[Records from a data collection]
####################

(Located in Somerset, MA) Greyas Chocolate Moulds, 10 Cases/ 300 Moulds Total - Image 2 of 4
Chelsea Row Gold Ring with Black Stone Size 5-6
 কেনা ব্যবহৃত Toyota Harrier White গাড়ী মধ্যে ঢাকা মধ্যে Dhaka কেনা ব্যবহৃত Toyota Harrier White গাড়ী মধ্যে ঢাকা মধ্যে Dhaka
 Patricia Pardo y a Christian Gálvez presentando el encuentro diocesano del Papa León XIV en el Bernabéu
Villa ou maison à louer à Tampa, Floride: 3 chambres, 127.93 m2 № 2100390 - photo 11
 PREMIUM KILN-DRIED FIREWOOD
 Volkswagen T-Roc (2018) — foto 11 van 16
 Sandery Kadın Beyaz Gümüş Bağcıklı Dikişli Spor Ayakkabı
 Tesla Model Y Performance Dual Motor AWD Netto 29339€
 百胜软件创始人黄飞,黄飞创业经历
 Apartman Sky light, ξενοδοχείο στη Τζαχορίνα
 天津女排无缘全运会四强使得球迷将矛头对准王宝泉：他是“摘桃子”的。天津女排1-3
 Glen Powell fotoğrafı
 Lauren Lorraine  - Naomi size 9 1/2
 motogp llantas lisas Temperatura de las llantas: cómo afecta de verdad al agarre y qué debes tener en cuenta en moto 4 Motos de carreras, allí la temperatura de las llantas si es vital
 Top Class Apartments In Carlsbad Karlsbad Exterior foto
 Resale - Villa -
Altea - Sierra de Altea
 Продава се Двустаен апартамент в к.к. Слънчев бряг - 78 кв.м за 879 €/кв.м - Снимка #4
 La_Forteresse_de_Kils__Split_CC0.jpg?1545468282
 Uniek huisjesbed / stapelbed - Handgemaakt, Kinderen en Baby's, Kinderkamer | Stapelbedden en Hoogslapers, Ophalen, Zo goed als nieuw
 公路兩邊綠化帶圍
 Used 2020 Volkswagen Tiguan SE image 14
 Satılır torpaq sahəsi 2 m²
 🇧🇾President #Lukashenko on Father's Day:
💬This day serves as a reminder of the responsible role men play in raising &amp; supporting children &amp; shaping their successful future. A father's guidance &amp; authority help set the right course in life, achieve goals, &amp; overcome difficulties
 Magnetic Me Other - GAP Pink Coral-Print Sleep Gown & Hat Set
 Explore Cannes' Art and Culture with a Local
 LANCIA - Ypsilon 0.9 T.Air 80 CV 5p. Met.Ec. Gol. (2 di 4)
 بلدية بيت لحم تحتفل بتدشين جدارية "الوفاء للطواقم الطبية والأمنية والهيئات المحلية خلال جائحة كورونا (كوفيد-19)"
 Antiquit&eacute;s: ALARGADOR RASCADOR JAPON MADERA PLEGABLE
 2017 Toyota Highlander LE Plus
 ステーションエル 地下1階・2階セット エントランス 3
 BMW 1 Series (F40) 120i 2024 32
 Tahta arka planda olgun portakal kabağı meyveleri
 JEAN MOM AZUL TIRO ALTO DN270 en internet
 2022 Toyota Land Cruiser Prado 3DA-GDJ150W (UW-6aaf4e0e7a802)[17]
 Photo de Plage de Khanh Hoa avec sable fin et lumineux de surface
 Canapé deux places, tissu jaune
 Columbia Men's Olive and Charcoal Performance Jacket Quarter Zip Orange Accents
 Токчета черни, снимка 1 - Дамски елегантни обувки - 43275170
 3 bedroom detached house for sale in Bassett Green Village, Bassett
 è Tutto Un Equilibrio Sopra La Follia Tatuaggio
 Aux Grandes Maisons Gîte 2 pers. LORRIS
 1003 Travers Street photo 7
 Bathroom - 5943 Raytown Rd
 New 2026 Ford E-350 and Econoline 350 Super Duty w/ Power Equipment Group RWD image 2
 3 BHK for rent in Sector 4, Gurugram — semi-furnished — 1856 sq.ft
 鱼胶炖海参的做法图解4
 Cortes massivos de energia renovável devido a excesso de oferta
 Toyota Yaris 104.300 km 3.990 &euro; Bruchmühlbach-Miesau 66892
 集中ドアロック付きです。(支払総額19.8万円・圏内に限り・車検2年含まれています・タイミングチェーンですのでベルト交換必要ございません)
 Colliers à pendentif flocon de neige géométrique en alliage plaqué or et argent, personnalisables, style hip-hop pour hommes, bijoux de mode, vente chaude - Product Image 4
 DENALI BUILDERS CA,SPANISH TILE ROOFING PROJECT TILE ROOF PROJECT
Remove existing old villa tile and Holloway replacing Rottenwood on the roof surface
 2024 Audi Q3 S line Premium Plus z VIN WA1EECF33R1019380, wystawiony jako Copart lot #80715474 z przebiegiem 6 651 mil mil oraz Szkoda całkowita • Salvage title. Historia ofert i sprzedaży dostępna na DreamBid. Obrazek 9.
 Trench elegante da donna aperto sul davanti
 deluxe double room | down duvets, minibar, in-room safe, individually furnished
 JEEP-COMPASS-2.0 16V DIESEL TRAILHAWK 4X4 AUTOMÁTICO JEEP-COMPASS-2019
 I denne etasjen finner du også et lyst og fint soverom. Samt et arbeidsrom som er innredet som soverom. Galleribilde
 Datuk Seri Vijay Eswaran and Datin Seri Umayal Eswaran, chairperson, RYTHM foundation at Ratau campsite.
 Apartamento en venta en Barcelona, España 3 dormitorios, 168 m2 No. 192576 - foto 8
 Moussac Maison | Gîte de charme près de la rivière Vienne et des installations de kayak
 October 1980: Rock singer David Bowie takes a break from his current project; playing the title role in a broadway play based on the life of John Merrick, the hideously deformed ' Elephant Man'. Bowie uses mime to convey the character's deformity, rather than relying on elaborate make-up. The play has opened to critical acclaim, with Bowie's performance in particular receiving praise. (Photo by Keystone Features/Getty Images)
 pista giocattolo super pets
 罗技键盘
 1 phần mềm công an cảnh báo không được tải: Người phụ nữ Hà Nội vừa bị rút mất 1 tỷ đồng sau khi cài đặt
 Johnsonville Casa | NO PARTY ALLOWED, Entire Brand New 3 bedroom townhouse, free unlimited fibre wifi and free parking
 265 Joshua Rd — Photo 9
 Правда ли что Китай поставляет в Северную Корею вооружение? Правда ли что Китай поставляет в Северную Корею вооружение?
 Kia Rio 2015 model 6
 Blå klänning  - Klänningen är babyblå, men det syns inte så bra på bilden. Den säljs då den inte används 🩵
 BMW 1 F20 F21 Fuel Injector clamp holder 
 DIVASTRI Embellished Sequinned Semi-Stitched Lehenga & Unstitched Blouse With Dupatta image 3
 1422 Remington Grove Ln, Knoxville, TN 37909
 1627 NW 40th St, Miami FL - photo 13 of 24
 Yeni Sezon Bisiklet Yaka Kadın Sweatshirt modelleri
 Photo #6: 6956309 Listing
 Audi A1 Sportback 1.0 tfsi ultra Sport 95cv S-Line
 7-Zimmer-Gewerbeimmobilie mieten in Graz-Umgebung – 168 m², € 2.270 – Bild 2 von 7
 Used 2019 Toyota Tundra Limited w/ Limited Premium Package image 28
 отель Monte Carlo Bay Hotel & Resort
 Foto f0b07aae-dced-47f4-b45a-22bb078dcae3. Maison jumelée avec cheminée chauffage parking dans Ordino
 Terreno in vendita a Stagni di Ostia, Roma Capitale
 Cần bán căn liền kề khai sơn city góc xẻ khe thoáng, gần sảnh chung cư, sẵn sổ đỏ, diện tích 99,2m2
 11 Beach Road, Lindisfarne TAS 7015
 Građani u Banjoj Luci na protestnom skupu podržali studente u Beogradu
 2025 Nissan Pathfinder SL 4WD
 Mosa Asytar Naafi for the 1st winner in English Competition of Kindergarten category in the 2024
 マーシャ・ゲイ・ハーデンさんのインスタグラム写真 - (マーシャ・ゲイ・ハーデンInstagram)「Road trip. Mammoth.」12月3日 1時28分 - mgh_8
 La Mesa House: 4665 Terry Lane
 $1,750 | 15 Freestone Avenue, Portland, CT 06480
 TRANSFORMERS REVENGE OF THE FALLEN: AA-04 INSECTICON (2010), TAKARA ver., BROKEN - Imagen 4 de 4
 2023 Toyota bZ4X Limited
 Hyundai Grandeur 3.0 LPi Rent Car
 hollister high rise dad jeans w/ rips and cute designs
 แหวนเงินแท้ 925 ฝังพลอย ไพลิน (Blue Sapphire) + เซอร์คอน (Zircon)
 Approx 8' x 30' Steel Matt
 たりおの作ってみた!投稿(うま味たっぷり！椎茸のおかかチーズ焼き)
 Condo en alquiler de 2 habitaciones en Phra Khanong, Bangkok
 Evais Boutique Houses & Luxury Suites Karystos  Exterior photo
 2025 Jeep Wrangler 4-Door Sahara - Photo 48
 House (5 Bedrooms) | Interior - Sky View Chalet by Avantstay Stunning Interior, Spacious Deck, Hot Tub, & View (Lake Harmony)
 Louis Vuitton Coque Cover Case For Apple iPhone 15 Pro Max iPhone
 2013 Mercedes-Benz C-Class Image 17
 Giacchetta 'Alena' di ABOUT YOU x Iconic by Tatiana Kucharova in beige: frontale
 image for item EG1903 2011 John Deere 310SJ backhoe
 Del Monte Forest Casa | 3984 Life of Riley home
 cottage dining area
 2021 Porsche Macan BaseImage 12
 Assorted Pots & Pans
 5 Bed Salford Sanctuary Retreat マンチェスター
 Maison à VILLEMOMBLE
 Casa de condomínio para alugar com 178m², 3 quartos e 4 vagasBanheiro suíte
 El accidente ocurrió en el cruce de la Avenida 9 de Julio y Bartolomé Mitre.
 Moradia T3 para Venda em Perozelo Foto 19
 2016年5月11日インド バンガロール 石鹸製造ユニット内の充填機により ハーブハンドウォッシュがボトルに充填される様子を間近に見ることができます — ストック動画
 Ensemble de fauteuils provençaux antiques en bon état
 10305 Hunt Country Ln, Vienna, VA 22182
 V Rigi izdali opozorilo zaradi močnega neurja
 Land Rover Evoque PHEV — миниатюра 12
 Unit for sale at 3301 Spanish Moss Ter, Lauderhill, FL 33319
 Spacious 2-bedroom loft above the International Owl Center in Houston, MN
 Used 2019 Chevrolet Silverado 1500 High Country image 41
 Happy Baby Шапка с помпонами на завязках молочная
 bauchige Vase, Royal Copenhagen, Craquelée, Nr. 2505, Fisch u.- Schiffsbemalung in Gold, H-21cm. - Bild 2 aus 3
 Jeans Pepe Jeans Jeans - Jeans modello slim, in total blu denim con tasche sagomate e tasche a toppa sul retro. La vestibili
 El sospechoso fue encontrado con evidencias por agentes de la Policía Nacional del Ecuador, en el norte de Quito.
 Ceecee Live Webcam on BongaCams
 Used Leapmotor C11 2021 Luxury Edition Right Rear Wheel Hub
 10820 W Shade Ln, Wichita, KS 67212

####################

### [Assignment]
Begin at the line that has "2013 Mercedes-Benz C-Class Image 17" in the entries above; stop after the line that has "Assorted Pots & Pans". Transcribe exactly those lines and no others.

### [Answer box]
 2013 Mercedes-Benz C-Class Image 17
 Giacchetta 'Alena' di ABOUT YOU x Iconic by Tatiana Kucharova in beige: frontale
 image for item EG1903 2011 John Deere 310SJ backhoe
 Del Monte Forest Casa | 3984 Life of Riley home
 cottage dining area
 2021 Porsche Macan BaseImage 12
 Assorted Pots & Pans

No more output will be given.